HARDCORE: H-Field and Power Loss Estimation for Arbitrary Waveforms With Residual, Dilated Convolutional Neural Networks in Ferrite Cores

The MagNet challenge 2023 called upon competitors to develop data-driven models for the material-specific, waveform-agnostic estimation of steady-state power losses in toroidal ferrite cores. The following HARDCORE (H-field and power loss estimation for arbitrary waveforms with residual, dilated convolutional neural networks in ferrite cores) approach shows that a residual convolutional neural network with physics-informed extensions can serve this task efficiently when trained on observational data beforehand. One key element is an intermediate model layer, which first reconstructs the $BH$ curve, and then, estimates the power losses based on the curve's area rendering the proposed topology physically interpretable. In addition, emphasis was placed on expert-based feature engineering and information-rich inputs in order to enable a lean model architecture.

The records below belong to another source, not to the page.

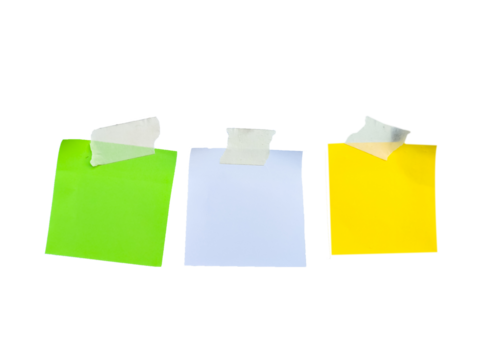 blank sticky notes paper taped to transparent background, conceptual for memo, reminder, message, and communication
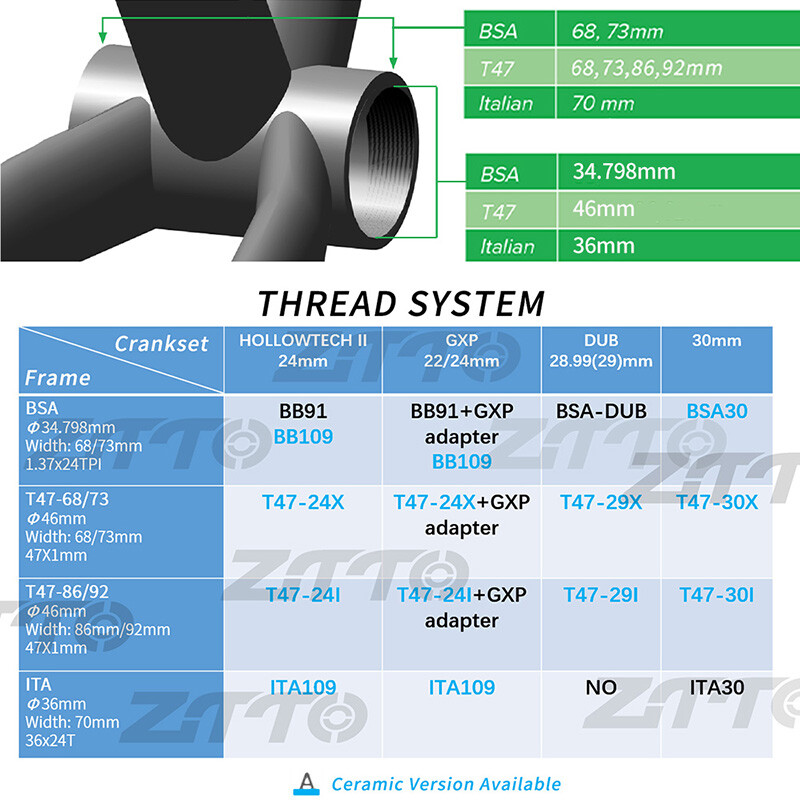 Bicycle Bottom Bracket T47 Thread 47 68 73mm 24 DUB 29 30mm Sealed Bearing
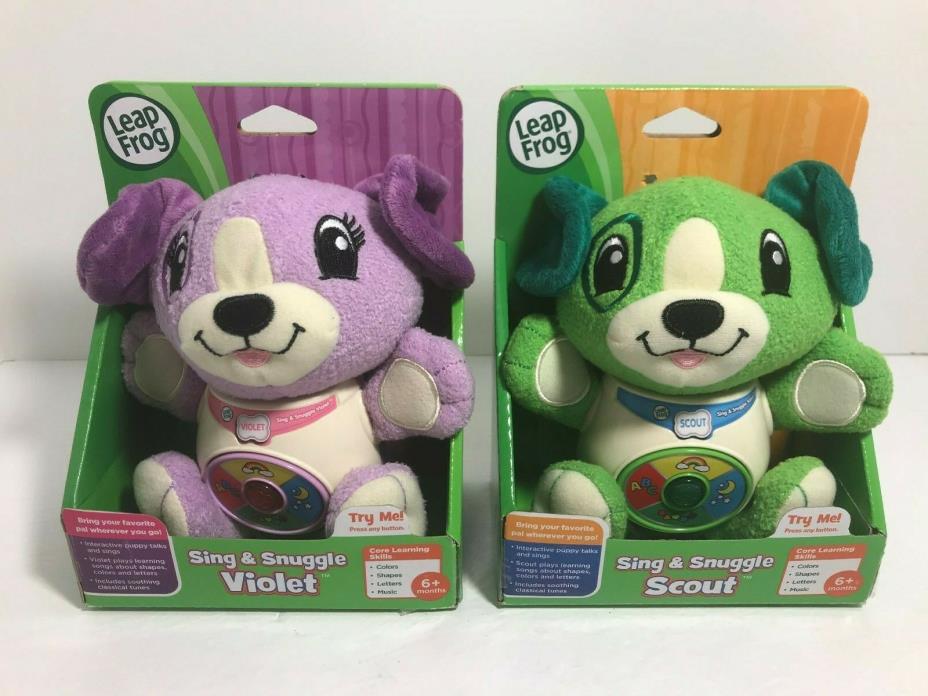 LeapFrog Sing & Snuggle Scout & Violet Educational Interactive Plush Toys BNIB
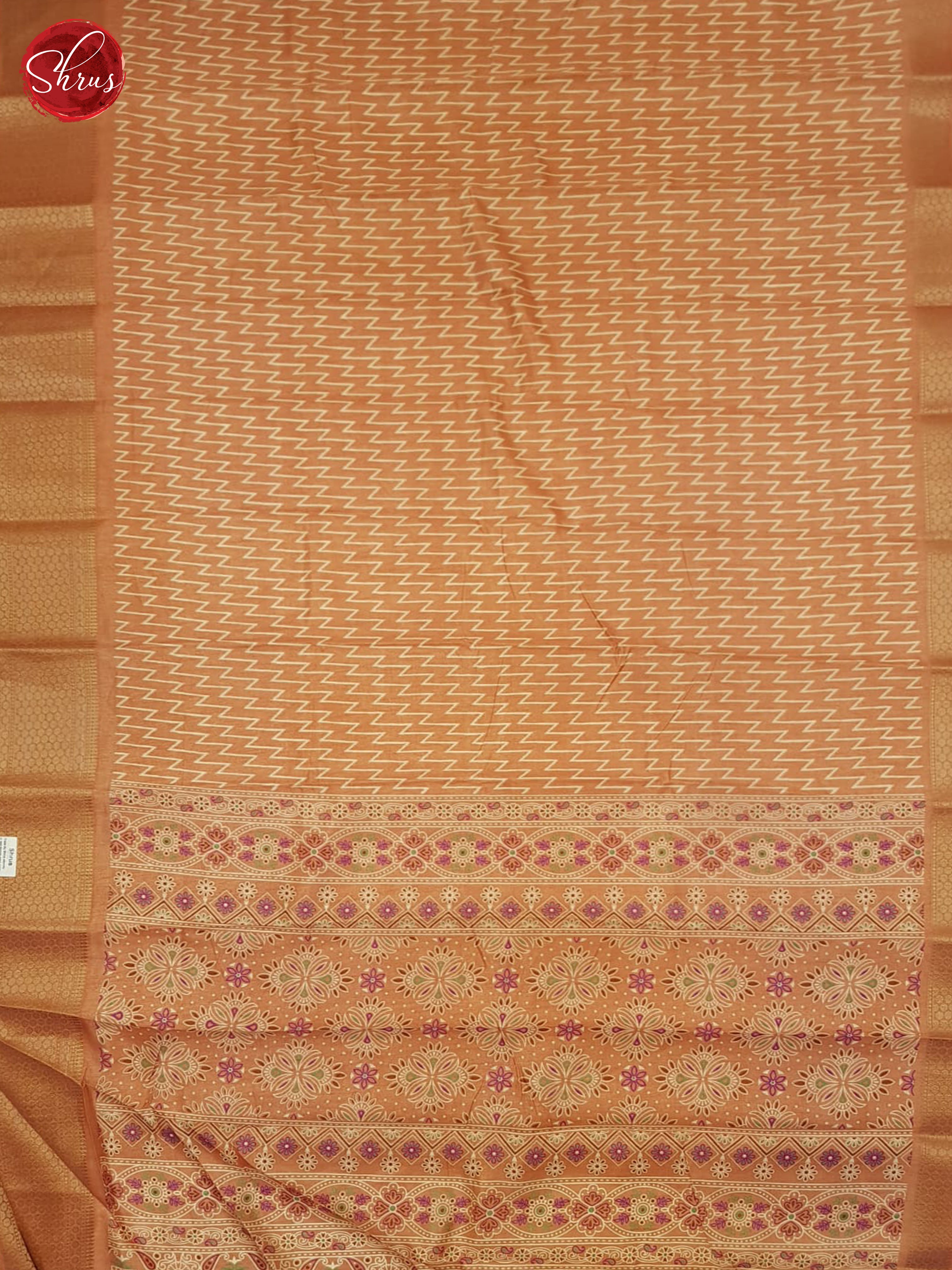 Pale Orange(Single Tone)- Semi Crepe Saree - Shop on ShrusEternity.com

A model is trained from scratch for each material, while the topology remains the same. A Pareto-style tradeoff between model size and estimation accuracy is demonstrated, which yields an optimum at as low as 906 parameters and down to below 8% for the average 95th percentile of the relative power loss error across diverse materials. This contribution has won the first place in the performance category of the MagNet challenge 2023, which further highlights the effectiveness of the proposed model.